_Aim of the task_
Pictures in the records below are skipped; the rest is copied exactly.
+++++
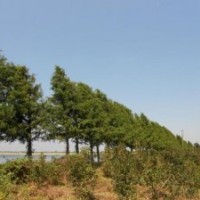 耐鹽堿中山杉 耐鹽堿中山杉 耐鹽堿中山杉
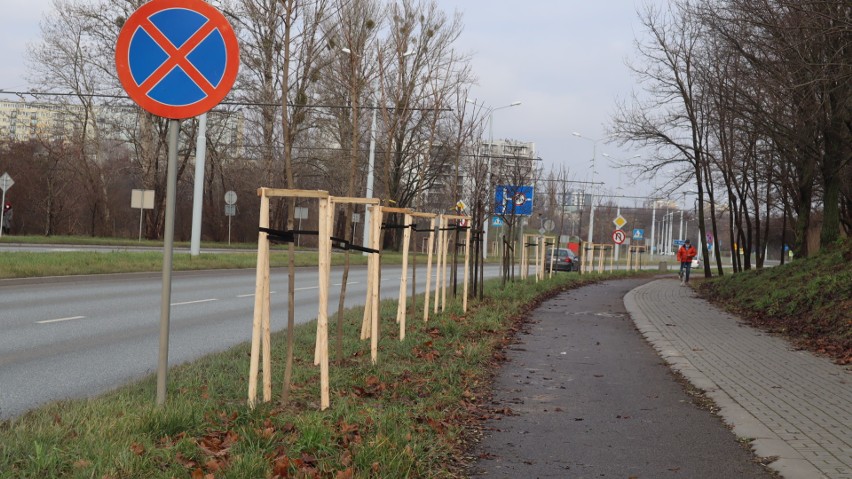 Przy ul. Filaretów w Lublinie będzie bardziej zielono. Miasto chwali się nowymi nasadzeniami drzew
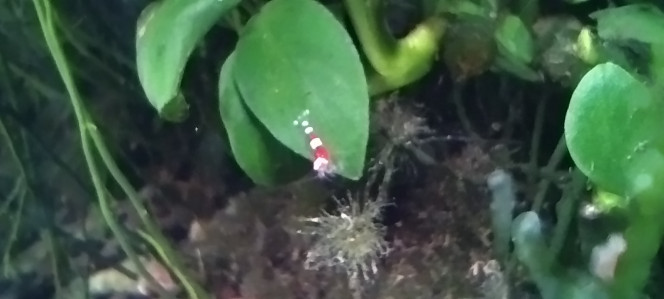 Photographie du post de Olivier1977 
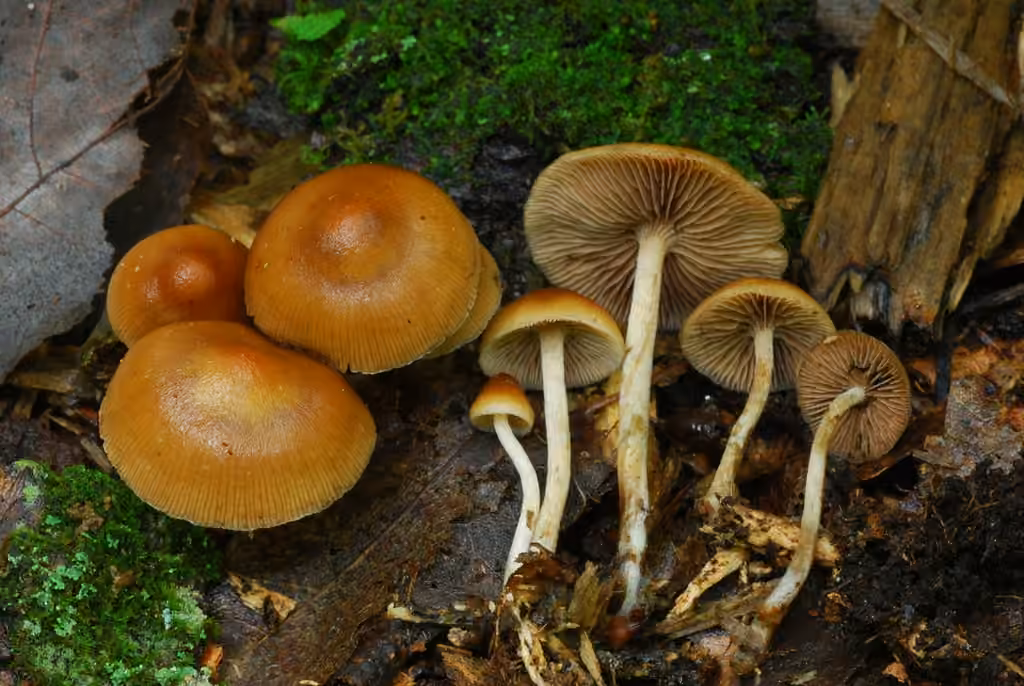 Psilocybe à pied bleu, photo 1 sur 5
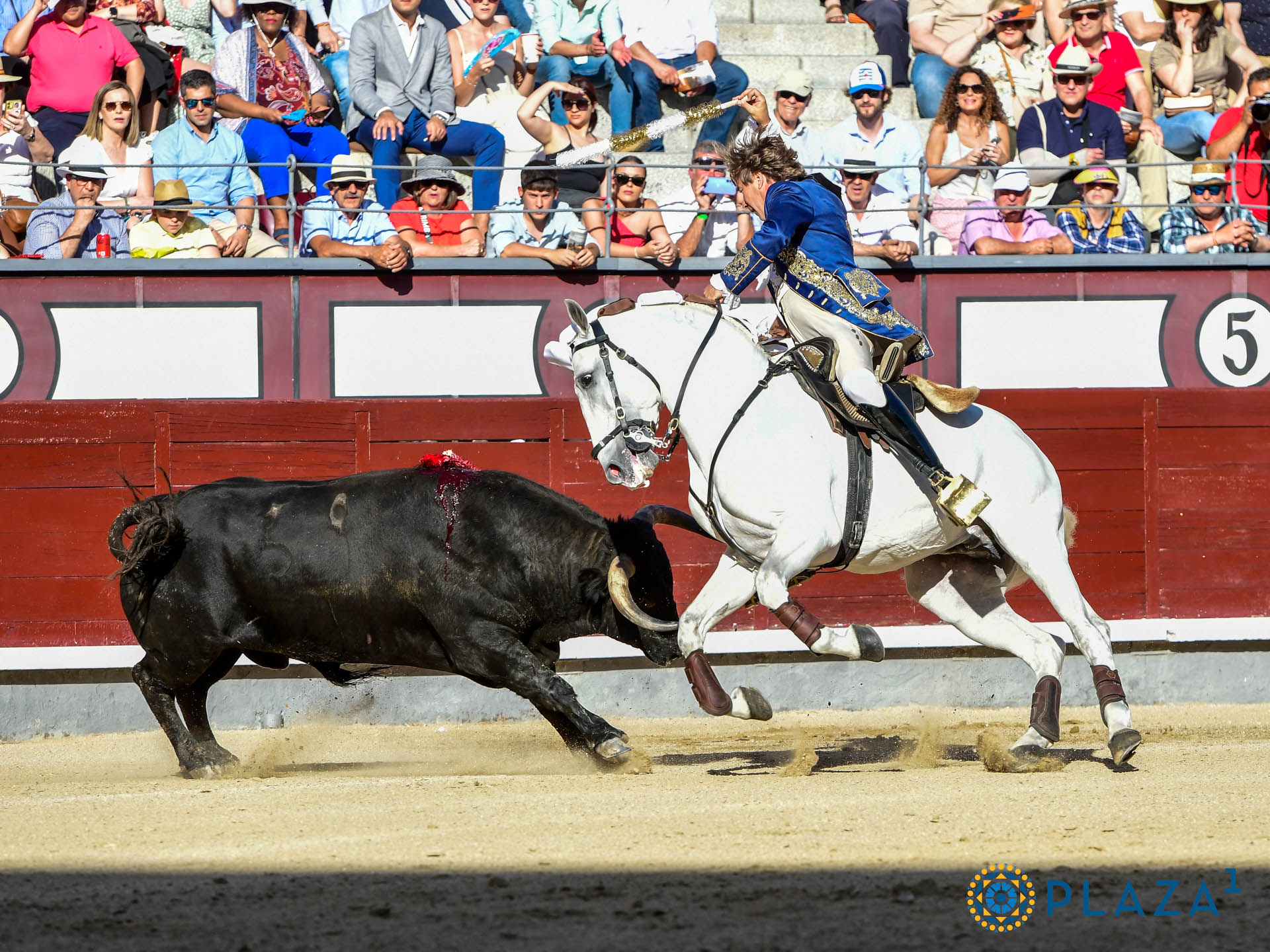 <p>Foto: Alfredo Arévalo / Plaza 1</p>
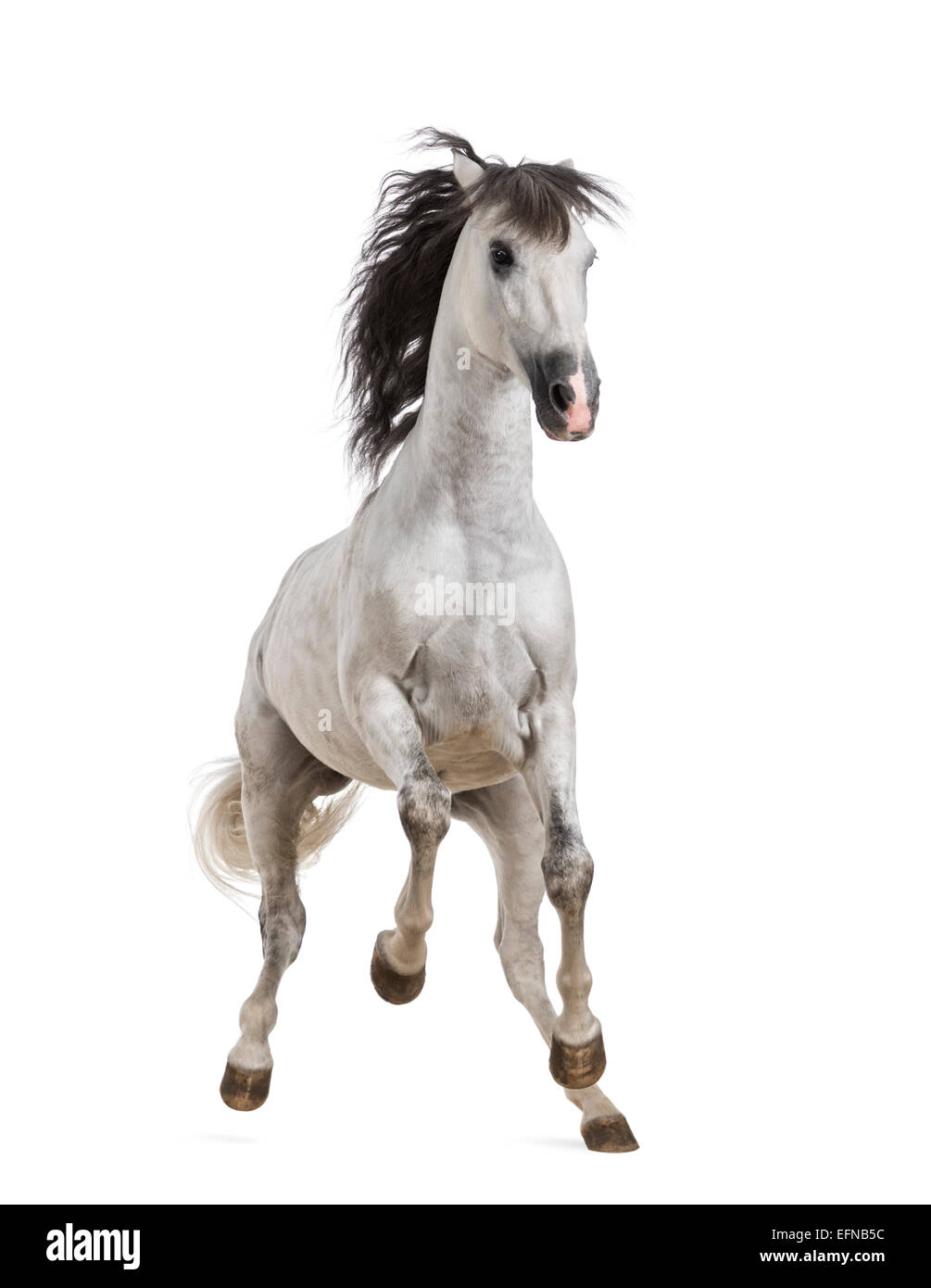 Andalusian horse galloping against white background Stock Photo
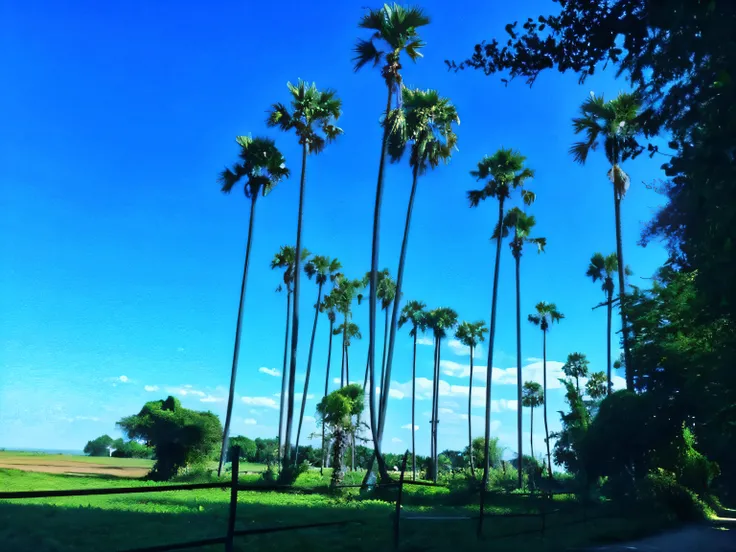 a view of a road with palm trees and a fence, palmtrees, coconut trees, the palms come from the ground, palm trees, tree palms in background, scenary, coconut palms, palm trees james gurney, on a sunny day, palm trees in the background, palms, blue sky, be...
+++++
_Answer for the task_
 耐鹽堿中山杉 耐鹽堿中山杉 耐鹽堿中山杉
 Przy ul. Filaretów w Lublinie będzie bardziej zielono. Miasto chwali się nowymi nasadzeniami drzew
 Photographie du post de Olivier1977 
 Psilocybe à pied bleu, photo 1 sur 5
 <p>Foto: Alfredo Arévalo / Plaza 1</p>
 Andalusian horse galloping against white background Stock Photo
 a view of a road with palm trees and a fence, palmtrees, coconut trees, the palms come from the ground, palm trees, tree palms in background, scenary, coconut palms, palm trees james gurney, on a sunny day, palm trees in the background, palms, blue sky, be...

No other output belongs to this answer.